ABOUT THIS TASK — Below is a set of records; restate each one word for word.

(Records excerpted from a collection)
---------------
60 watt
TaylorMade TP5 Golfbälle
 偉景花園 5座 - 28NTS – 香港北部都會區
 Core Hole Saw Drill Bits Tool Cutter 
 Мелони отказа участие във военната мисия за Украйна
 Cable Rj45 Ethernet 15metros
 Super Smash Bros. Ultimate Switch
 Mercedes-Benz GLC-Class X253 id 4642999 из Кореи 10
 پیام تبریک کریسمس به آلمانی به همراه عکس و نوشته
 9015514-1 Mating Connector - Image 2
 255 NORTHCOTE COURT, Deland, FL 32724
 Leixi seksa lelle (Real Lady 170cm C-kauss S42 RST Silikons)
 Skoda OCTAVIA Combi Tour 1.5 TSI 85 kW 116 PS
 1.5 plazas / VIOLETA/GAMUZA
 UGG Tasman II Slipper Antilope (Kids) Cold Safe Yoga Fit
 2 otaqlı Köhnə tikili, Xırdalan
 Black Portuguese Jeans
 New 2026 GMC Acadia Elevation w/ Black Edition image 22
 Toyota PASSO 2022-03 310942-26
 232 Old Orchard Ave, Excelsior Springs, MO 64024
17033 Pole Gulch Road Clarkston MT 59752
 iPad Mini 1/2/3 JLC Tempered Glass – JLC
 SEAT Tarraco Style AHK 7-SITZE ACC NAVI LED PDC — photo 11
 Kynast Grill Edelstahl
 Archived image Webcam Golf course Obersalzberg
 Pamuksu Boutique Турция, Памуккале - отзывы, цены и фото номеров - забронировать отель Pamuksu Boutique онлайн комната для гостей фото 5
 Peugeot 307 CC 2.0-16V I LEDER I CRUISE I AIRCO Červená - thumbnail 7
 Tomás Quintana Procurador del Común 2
---------------
OUTPUT FOR THIS TASK —
60 watt
TaylorMade TP5 Golfbälle
 偉景花園 5座 - 28NTS – 香港北部都會區
 Core Hole Saw Drill Bits Tool Cutter 
 Мелони отказа участие във военната мисия за Украйна
 Cable Rj45 Ethernet 15metros
 Super Smash Bros. Ultimate Switch
 Mercedes-Benz GLC-Class X253 id 4642999 из Кореи 10
 پیام تبریک کریسمس به آلمانی به همراه عکس و نوشته
 9015514-1 Mating Connector - Image 2
 255 NORTHCOTE COURT, Deland, FL 32724
 Leixi seksa lelle (Real Lady 170cm C-kauss S42 RST Silikons)
 Skoda OCTAVIA Combi Tour 1.5 TSI 85 kW 116 PS
 1.5 plazas / VIOLETA/GAMUZA
 UGG Tasman II Slipper Antilope (Kids) Cold Safe Yoga Fit
 2 otaqlı Köhnə tikili, Xırdalan
 Black Portuguese Jeans
 New 2026 GMC Acadia Elevation w/ Black Edition image 22
 Toyota PASSO 2022-03 310942-26
 232 Old Orchard Ave, Excelsior Springs, MO 64024
17033 Pole Gulch Road Clarkston MT 59752
 iPad Mini 1/2/3 JLC Tempered Glass – JLC
 SEAT Tarraco Style AHK 7-SITZE ACC NAVI LED PDC — photo 11
 Kynast Grill Edelstahl
 Archived image Webcam Golf course Obersalzberg
 Pamuksu Boutique Турция, Памуккале - отзывы, цены и фото номеров - забронировать отель Pamuksu Boutique онлайн комната для гостей фото 5
 Peugeot 307 CC 2.0-16V I LEDER I CRUISE I AIRCO Červená - thumbnail 7
 Tomás Quintana Procurador del Común 2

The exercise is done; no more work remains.